Recently, Governor Mike Dewine signed an executive order banning the use of any Chinese owned social media apps on state-owned devices. This includes the popular, often viral social media app, TikTok.
Because 63% of Americans ages 12-17 use TikTok on a weekly basis, parents of these children may be wondering what this means for them. The short answer is, not much. State employees are prohibited from using TikTok on state-owned devices, which means K-12 public school educators and state college faculty and staff will be blocked from using the app in classroom computers. However, the vast majority of users access TikTok on their personal cell phones, which are not included in the ban.
This still leaves questions about the safety of the app for young users. Below is the breakdown of important information for parents to consider:
Reason for the Ohio Ban
Ohio, along with several other states, have cited concerns that TikTok and other Chinese apps could be used to gather user data and information to share with the Chinese government. They cite a Chinese intelligence law that requires companies to assist in intelligence gathering such as sharing user data with the government.
States are not the only entities sharing these concerns. A growing number of companies and schools are considering or already implementing bans of the popular app. They are facing increased pressure from critics of the app.

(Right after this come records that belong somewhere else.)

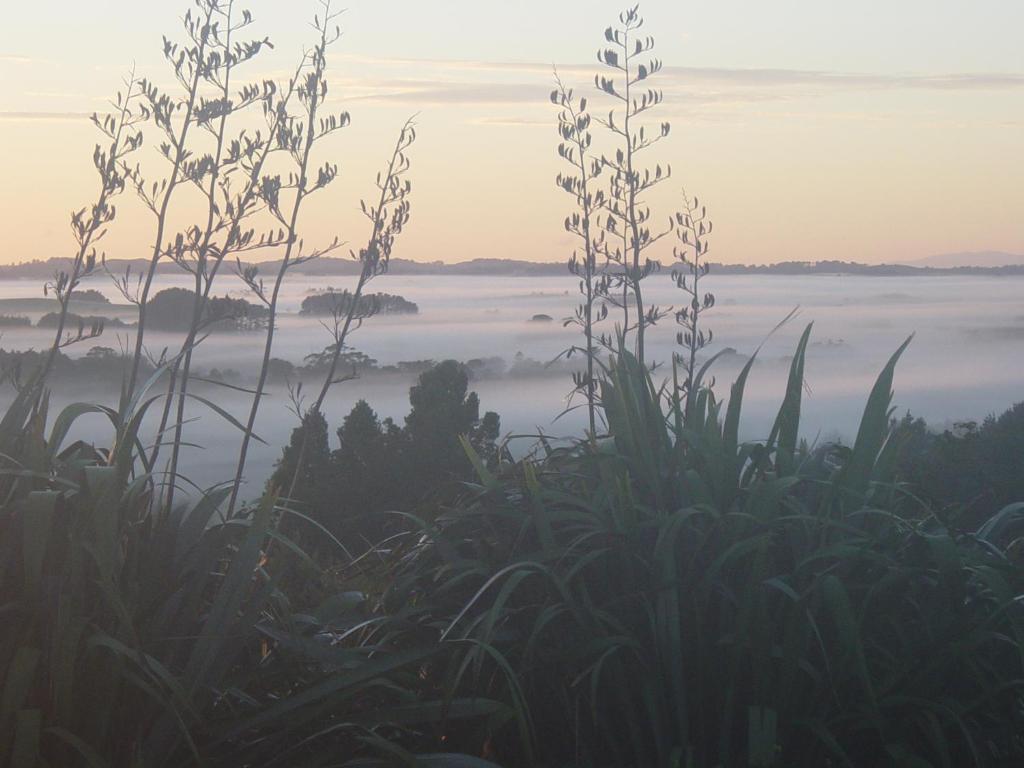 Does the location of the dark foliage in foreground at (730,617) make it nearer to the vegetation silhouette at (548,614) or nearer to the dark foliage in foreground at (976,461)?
the vegetation silhouette at (548,614)

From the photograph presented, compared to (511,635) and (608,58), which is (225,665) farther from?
(608,58)

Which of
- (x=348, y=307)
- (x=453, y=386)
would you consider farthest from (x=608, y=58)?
(x=453, y=386)

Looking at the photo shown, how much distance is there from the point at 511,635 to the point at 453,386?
6.44m

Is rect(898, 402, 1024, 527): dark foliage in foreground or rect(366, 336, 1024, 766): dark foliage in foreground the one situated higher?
rect(366, 336, 1024, 766): dark foliage in foreground

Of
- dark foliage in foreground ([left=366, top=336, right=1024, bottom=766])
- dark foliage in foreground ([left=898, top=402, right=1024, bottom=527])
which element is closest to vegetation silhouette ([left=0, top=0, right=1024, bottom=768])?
dark foliage in foreground ([left=366, top=336, right=1024, bottom=766])

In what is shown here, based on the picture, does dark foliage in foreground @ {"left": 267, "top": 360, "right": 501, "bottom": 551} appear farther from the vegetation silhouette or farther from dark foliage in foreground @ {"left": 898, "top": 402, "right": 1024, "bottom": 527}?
the vegetation silhouette

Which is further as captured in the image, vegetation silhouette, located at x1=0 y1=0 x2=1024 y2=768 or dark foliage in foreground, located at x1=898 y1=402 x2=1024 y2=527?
dark foliage in foreground, located at x1=898 y1=402 x2=1024 y2=527

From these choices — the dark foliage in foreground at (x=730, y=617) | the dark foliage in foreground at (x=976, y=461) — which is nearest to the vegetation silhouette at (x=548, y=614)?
the dark foliage in foreground at (x=730, y=617)

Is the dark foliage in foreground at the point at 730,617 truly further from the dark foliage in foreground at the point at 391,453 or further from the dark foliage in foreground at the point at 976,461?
the dark foliage in foreground at the point at 391,453

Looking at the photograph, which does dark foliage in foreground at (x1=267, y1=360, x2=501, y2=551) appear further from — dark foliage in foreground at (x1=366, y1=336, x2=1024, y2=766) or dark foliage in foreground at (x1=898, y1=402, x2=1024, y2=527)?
dark foliage in foreground at (x1=366, y1=336, x2=1024, y2=766)

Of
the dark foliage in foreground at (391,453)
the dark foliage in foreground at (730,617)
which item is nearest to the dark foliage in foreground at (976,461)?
the dark foliage in foreground at (391,453)

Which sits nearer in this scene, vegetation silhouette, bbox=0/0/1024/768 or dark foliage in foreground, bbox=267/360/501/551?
vegetation silhouette, bbox=0/0/1024/768

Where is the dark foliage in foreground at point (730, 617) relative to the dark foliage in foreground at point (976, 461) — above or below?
above

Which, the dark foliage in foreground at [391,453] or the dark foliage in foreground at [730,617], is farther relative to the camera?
the dark foliage in foreground at [391,453] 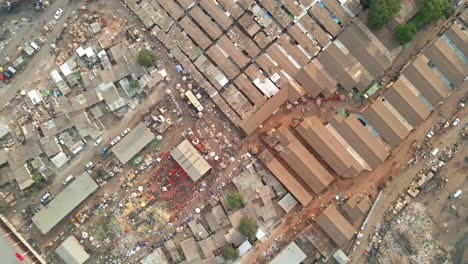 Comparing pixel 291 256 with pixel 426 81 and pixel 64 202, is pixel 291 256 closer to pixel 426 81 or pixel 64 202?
pixel 426 81

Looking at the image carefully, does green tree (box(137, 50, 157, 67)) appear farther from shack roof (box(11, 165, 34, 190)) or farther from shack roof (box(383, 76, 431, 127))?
shack roof (box(383, 76, 431, 127))

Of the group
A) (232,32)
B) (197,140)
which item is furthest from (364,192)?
(232,32)

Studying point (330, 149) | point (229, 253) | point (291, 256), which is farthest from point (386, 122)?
point (229, 253)

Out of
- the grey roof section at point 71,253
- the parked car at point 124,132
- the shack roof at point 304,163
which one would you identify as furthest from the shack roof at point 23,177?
the shack roof at point 304,163

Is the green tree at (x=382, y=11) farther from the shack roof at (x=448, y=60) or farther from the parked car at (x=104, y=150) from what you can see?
the parked car at (x=104, y=150)

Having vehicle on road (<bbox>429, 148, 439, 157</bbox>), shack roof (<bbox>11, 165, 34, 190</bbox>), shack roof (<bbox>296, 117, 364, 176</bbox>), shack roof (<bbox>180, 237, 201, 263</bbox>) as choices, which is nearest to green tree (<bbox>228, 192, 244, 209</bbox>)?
shack roof (<bbox>180, 237, 201, 263</bbox>)

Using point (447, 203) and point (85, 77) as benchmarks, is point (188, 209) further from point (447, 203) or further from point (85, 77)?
point (447, 203) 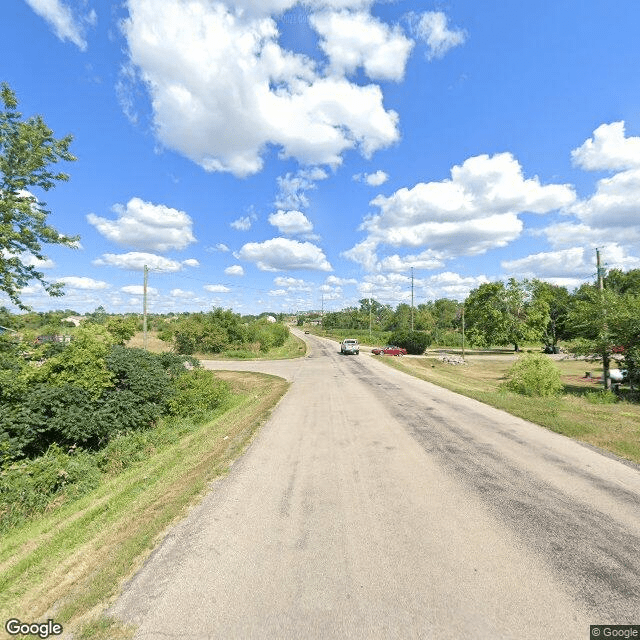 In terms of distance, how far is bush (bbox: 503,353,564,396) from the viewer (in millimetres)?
18438

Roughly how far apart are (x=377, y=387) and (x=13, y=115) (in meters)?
18.0

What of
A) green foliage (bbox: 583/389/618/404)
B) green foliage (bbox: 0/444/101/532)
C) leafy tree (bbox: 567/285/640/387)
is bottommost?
green foliage (bbox: 0/444/101/532)

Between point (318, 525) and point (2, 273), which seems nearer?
point (318, 525)

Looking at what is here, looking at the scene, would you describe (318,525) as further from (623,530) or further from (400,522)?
(623,530)

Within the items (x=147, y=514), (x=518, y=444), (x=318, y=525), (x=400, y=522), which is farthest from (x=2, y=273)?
(x=518, y=444)

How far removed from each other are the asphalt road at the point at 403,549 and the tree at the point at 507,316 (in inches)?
1784

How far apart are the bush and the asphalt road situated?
36.1ft

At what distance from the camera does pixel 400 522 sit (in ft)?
17.2

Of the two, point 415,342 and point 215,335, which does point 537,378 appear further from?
point 215,335

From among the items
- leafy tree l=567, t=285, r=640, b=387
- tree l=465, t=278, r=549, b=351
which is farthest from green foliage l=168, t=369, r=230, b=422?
tree l=465, t=278, r=549, b=351

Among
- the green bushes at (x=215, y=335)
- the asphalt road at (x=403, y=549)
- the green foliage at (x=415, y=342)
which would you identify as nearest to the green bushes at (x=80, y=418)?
the asphalt road at (x=403, y=549)

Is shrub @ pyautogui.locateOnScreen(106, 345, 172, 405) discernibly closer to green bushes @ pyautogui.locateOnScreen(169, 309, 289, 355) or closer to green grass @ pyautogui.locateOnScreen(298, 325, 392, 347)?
green bushes @ pyautogui.locateOnScreen(169, 309, 289, 355)

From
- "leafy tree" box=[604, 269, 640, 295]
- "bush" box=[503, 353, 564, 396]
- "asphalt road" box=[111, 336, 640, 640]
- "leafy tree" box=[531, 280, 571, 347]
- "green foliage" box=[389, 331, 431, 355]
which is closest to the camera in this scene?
"asphalt road" box=[111, 336, 640, 640]

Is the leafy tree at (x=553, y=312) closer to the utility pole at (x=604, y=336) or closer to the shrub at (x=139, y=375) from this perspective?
the utility pole at (x=604, y=336) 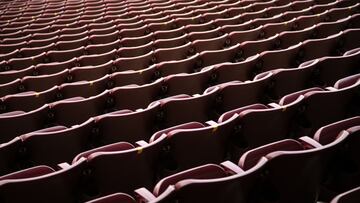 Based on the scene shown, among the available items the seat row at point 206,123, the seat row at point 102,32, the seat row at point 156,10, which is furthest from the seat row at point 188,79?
the seat row at point 156,10

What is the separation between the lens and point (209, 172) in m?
0.70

While proponents of these bans cite national security and privacy concerns, critics believe these bans are more about politics than concrete security concerns. Georgetown University law professor Anupam Chander reasons, “”There’s no evidence of this. None of the claims here, even the insider claims that some employees make about access by people in China, that access isn’t by the Chinese government, but rather others within the Byte Dance corporate structure, to [look at] data about TikTok employees and others in the United States.”
Educators like Elizabeth Modarelli, Associate Professor at Stark State College worry that, “Attempts to keep kids from using certain types of technology rarely work. They’re all using TikTok already, so the more responsible approach educators and parents should take is to help kids learn to navigate the platform safely. Just like any other tool, learning how to use it safely to achieve your desired goal is key.”
Other Reasons for Concern
While national security may not be a reason to delete a child’s TikTok app, experts do believe that parents should pay attention to their children’s TikTok and other social media usage.
A recent Axios report details a growing concern among mental health experts about a connection between heavy social media use and mental health issues in children. Scientists have found a substantial link between depression and the time a child spends on social media. This risk is substantially higher in teen girls.
In young boys, studies have shown that social media has contributed to a rise in teen terrorism and extremist violence. Misogynistic and white supremacist content often slip through the enforcement gaps and reach the young boys they are targeting.
After weighing the national security and mental health concerns connected to TikTok, parents may want some advice on how to proceed. This app has become a staple of many children’s social experience and can have some positive and fun applications.
TikTok has created a Guardians’ Guide to help parents navigate the social media site and create a safe space for their kids. Parents may also want to consult the Common Sense Media Parents’ Ultimate Guide to TikTok, which includes some helpful insight and tips. Ultimately, parents need to consider the facts and weigh the risks and benefits to determine the best approach for their families.